Roasted Jerusalem Artichokes and Brussels Sprout Leaves

(from Lucianolinda’s recipe box)

Source: Pittsburgh Post Gazette- Arthi Sabramaniam

Serves 4 people

Categories: Vegetables

Ingredients

  • 5 large Jerusalem artichokes (aka sunchokes)
  • 3 1/2 Tbsp. olive oil, divided use
  • Salt and pepper, to taste
  • 1 clove garlic, smashed
  • 1 small sprig rosemary
  • 1 Tbsp. butter
  • Brussels Sprouts, trimmed and leaves separated to make 3 cups
  • 1 shallot, minced
  • lemon juice

Directions

  1. Heat oven to 375 degrees.
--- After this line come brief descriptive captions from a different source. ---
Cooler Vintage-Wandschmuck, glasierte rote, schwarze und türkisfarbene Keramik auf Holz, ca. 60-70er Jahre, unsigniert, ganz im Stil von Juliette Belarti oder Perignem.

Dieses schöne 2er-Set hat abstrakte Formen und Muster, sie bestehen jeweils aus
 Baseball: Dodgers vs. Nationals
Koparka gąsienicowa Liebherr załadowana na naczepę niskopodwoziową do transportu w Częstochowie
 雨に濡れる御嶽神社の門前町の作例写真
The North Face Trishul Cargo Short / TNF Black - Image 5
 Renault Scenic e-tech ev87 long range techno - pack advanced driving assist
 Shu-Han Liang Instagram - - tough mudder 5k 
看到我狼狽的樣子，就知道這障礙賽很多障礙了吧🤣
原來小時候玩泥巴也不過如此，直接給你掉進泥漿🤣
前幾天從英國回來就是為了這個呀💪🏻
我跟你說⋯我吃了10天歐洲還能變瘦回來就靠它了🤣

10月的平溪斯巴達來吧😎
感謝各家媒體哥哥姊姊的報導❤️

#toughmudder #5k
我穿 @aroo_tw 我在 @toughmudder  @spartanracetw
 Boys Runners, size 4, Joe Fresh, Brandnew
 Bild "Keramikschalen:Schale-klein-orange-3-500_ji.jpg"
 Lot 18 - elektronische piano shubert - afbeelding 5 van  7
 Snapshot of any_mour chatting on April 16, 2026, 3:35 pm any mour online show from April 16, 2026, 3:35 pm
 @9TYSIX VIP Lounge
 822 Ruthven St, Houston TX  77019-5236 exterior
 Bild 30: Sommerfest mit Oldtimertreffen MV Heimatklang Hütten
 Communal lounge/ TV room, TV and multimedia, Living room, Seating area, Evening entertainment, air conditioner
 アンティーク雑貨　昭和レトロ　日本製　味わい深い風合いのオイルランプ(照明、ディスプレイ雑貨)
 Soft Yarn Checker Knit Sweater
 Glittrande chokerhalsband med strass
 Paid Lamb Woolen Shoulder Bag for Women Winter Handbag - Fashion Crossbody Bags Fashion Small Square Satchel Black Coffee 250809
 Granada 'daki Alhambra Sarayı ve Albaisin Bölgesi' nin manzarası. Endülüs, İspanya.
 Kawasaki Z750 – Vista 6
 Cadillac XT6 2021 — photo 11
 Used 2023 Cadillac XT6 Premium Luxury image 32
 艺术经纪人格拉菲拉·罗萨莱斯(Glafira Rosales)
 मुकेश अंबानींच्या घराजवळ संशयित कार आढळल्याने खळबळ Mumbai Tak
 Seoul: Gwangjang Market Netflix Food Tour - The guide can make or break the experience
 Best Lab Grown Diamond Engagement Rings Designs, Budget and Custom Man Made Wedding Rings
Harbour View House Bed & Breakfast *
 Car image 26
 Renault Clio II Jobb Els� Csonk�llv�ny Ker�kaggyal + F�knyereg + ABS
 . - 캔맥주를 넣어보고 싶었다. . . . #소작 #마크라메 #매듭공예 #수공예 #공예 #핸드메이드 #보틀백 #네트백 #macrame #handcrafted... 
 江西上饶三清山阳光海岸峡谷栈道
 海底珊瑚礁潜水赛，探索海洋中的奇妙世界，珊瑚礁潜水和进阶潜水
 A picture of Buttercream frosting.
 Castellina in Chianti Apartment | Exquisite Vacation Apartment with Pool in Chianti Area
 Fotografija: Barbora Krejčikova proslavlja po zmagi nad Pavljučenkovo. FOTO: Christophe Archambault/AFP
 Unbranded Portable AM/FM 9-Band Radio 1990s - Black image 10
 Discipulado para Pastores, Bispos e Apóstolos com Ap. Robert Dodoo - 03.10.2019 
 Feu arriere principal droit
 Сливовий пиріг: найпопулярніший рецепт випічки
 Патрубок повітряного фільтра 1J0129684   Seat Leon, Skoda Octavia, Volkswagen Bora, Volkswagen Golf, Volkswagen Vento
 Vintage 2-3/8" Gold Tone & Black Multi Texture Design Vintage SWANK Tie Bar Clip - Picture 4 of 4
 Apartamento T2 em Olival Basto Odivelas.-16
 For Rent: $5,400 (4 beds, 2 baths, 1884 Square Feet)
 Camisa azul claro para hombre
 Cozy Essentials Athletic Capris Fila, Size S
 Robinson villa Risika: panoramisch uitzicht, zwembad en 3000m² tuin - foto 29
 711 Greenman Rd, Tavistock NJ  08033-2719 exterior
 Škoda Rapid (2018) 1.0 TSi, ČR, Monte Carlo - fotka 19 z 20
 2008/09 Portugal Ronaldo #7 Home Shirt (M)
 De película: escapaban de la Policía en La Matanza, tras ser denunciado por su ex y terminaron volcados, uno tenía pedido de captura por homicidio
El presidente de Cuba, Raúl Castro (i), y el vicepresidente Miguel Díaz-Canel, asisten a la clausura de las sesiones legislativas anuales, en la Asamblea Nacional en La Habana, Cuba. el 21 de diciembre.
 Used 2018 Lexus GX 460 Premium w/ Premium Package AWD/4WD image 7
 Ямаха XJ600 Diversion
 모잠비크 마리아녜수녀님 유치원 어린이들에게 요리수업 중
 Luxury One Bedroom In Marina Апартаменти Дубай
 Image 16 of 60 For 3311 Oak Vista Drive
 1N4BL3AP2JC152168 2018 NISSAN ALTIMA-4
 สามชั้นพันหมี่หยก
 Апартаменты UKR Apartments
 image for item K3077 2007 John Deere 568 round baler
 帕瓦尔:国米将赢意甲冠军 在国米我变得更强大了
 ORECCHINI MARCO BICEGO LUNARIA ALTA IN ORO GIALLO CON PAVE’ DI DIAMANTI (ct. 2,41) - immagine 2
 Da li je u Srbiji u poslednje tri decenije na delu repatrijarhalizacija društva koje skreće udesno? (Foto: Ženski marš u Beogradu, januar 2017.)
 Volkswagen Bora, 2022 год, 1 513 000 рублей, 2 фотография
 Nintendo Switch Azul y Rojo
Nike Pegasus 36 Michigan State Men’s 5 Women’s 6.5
Cut knobs off Jerusalem artichokes. Reserve cut-off pieces.
  2. Heat 1 Tbsp. of the oil in an oven-safe skillet over medium-high heat. Add the cut-off pieces and the larger sunchoke pieces, salt and pepper, and cook until brown all over, about 6 minutes, removing the smaller pieces as they soften. Then transfer pa to oven and roast tender, about 30 minutes, turning after 10 minutes for even browning.
  3. Remove skillet from oven and put it on a burner over medium heat. Add garlic, rosemary and butter. using a spoon. baste the sunchokes until they are lightly glazed and light brown all over.
  4. Transfer to a cutting board and thickly slice
  5. crosswise.

  6. Heat 2 Tbsp. of the oil in a large skillet over medium-high heat. Add the Brussels sprout leaves, salt and pepper, and cook for about a minute, stirring constantly. Add shallots, cook for 1 minute, stirring.
  7. Add sunchokes and cook until the Brussels sprout leaves are brown in places and crisp-tender, about another minute. Season with lemon juice and stir in the remaining 1/2 Tbsp. oil.